(Data entries)

#####

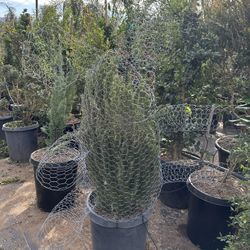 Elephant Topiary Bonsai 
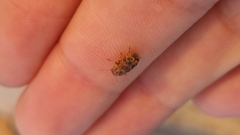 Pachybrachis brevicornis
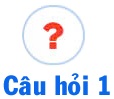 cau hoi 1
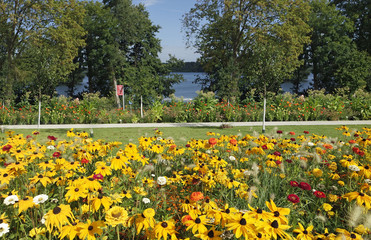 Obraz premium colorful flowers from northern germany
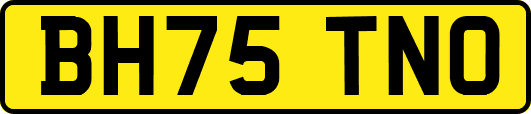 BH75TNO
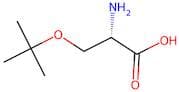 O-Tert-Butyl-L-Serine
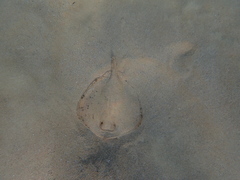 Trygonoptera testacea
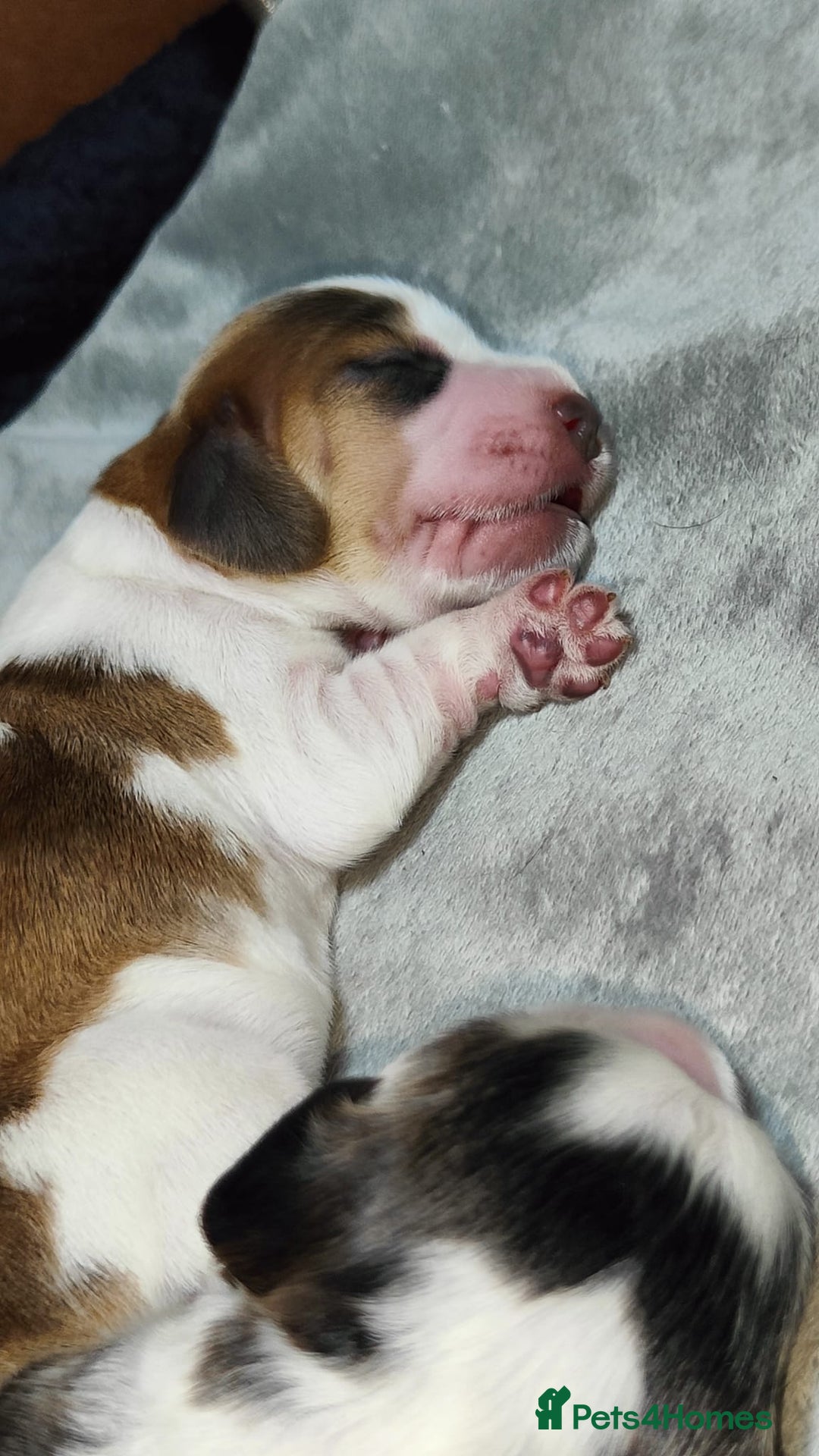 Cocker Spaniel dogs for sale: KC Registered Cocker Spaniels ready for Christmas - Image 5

#####

» **What is required**
Set out every record exactly, images excluded.

» **Answer section**
 Elephant Topiary Bonsai 
 Pachybrachis brevicornis
 cau hoi 1
 Obraz premium colorful flowers from northern germany
 BH75TNO
 O-Tert-Butyl-L-Serine
 Trygonoptera testacea
 Cocker Spaniel dogs for sale: KC Registered Cocker Spaniels ready for Christmas - Image 5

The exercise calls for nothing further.